Blitzkrieg'nBunny said:


> looks like its all slip connectors, so you should be okay with supplied hardware (assuming thats a bag of clamps) if you want to be extra safe hit the auto parts store and buy some exhaust paste... its just funky smelling grey stuff thats supposed to help seal.. i put some on my hodge-podge of an system and i dont know if it really helped


 i always use it, in addition to clamps.


----------



## burkedub711 (Jun 26, 2009)

im running the same set up. i love it although the test pipe seemed to age my muffler real quickly and caused it to blow out.


----------



## SocoJoe (Jul 4, 2009)

LampyB said:


> nice setup! but damn, 12 weeks is ridiculous. in three months of waiting i'd probably just cancel the order and pick up something else. that's just bad business for a mainstream product from an established company.

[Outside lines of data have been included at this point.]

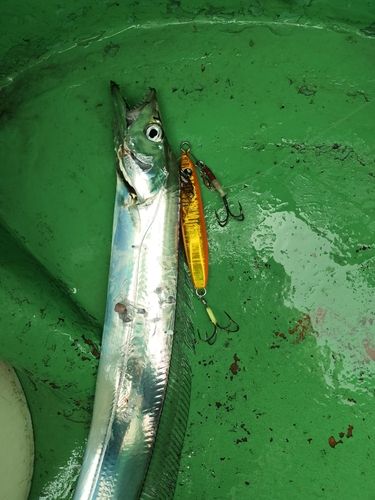 タチウオの釣果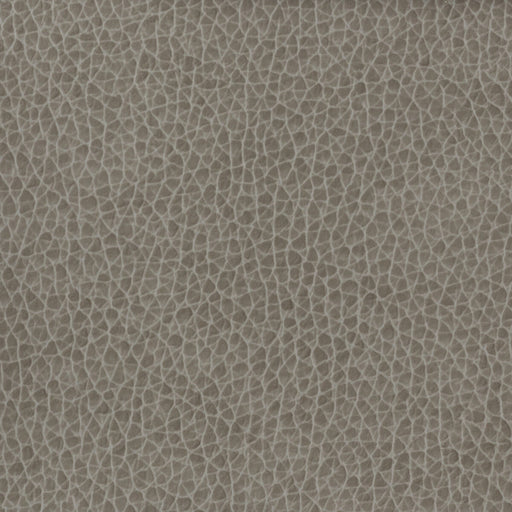 KRAVET BASICS - KRAVET BASICS- MATTER-1121 - Fabric by the Yard MATTER-1121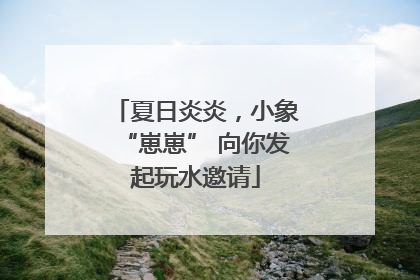 夏日炎炎，小象“崽崽” 向你发起玩水邀请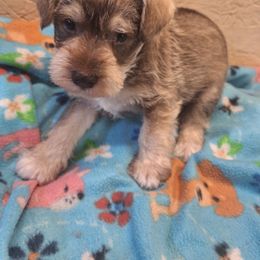 Chandler - Wheaten male Miniature Schnauzer puppy in Warrenville, South Carolina from All Paws Pet Resort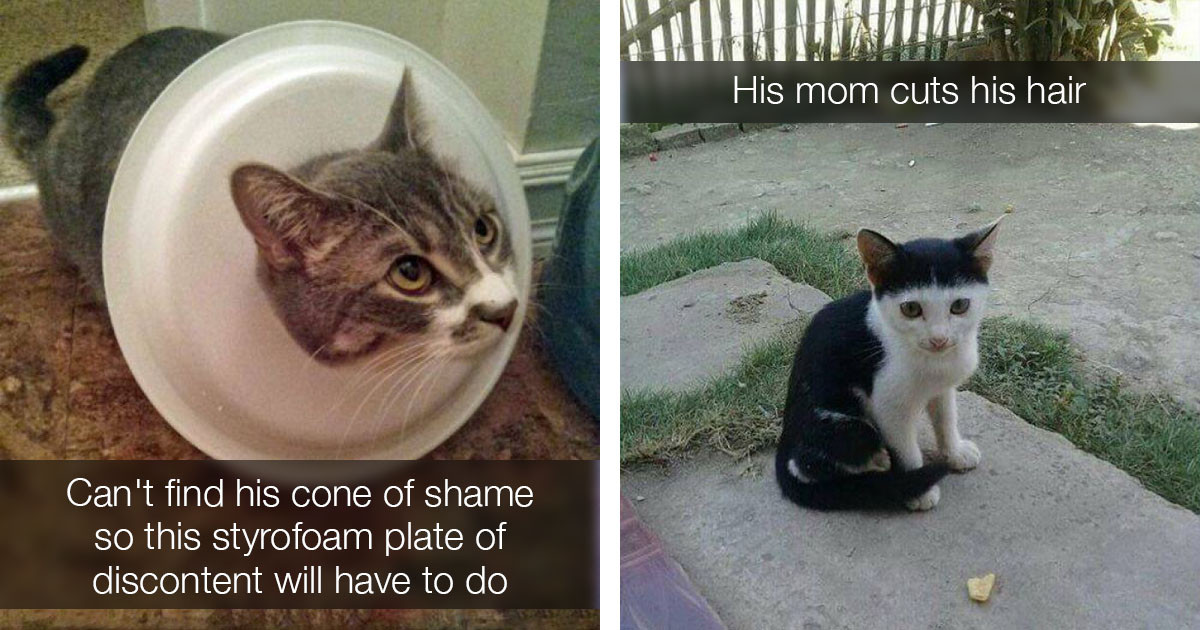 Photos That Prove Cats Are The Funniest (And The Best)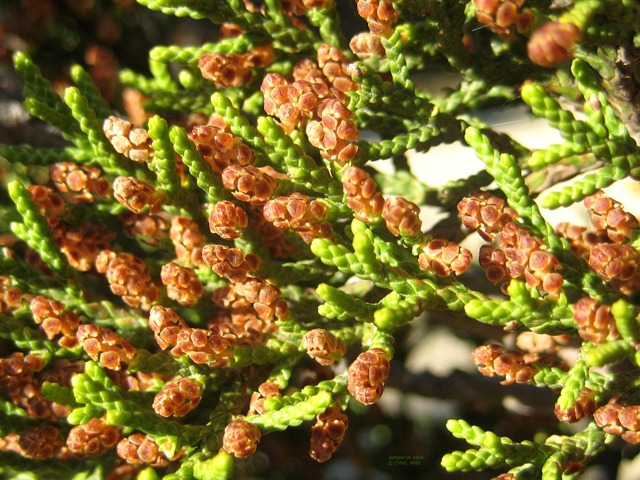 Juniperus ashei (Ashe juniper) #28560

 They only make them when you order one. I waited close to 2 months for mine. Well worth the wait.


----------



## IggytheTiggy (Feb 18, 2011)

I called last week they told me 3-4 months for an order, they are swamped right now with orders form all the summer runs


----------



## 637395 (Sep 15, 2011)

Lookin' good. Welcome to the club!


----------



## KAKASHIxRABBIT (Sep 20, 2010)

Had it installed today @Mobil One Inc-Glenview IL. First time going to the shop; great experience. 

My first thought was HOLY COW THIS IS LOUD. I've never driven a car with an exhaust before and for the first 10 minutes of driving I kept repeating "this is loud" lol. 

It sounds like absolute murder at WOT.  I did a fair amount of highway driving today and the drone is a bit annoying. But during "normal" driving its as loud as I choose it to be. I.e. how much pressure I apply to the throttle will increase the tone/volume accordingly. For the most part. 

I actually find myself driving slower to avoid being so loud. I am getting used to it and the shock and awe will probably subside and I'll worry less. 

Perfromance wise, I feel it pulling a little bit harder but nothing too amazing. Better throttle response. I am very pleased with this product. 

Next step is EVO Headers. Won't be for a while. $$$ But i will have to tone down the sound a bit from this exhaust with the addition of them. Hopefully I'll have the headers by Spring 13'. 

Big year for the rabbit so far: Carbino CAI, USP Testpipe, APR Stg II 93 oct tune, A.W.E. Catback 

I want moooooooooooree!!


----------